The Columbian has explored the history of the Interstate 5 Bridge — from the first ferry service in 1846 to the opening of the second span — in a series of stories over the past year.
Our research turned up interesting historical tidbits that we couldn’t fit into those accounts — border dust-ups, toll scofflaws and bridge-lift brouhahas — so we’re sharing them here.
It was a frigid Christmas Eve in 1963 when the workers on the Interstate 5 Bridge received what The Columbian called “a loaded hand grenade” for Christmas. Well, a figurative one at least.
The “grenade” was a letter from the state of Oregon notifying the toll collectors that they needed to pay back taxes from 1960-63.
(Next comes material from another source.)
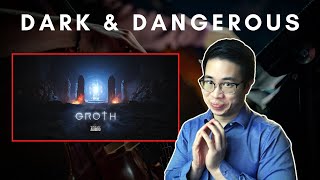 Video thumbnail for GROTH by Wavelet Audio - First Look! by Christopher Siu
None of the 38 employees lived in Oregon. None of them worked for an Oregon employer, either. They worked for the Washington Toll Bridge Authority. The issue was that the toll booths where they reported to work were on Hayden Island in Oregon. In all, the workers owed $14,000, about $140,000 today.
The tax problem was overlooked by the two states when they agreed to build the second Interstate Bridge span, said Washington Attorney General John O’Connell.
The confusion didn’t stop there. Before Congress passed the Uniform Time Act in 1966, clocks in Washington did not fall back and spring forward. Clocks in Oregon did, however.
But the exact line between the two states was fuzzy. The toll collectors worked in Oregon but were employed by Washington and the bridge operators were employed by Oregon and worked primarily just feet off the Washington shore. Eventually, it was decided that toll bridge operators would go on daylight saving time, but clocks above the toll plaza would remain on standard time.
A 1963 audit found that 300 toll evaders crossed the bridge a day, resulting in $60 in lost income, about $600 today. The toll cheats used an assortment of items to dupe the system: flattened pennies, foreign coins (some worth more than the cost of a token), merchandise slugs, washers and pieces of linoleum cut to size. In some cases, drivers inserted candy wafers that jammed the equipment so it would continue to register paid tolls for nonexistent vehicles.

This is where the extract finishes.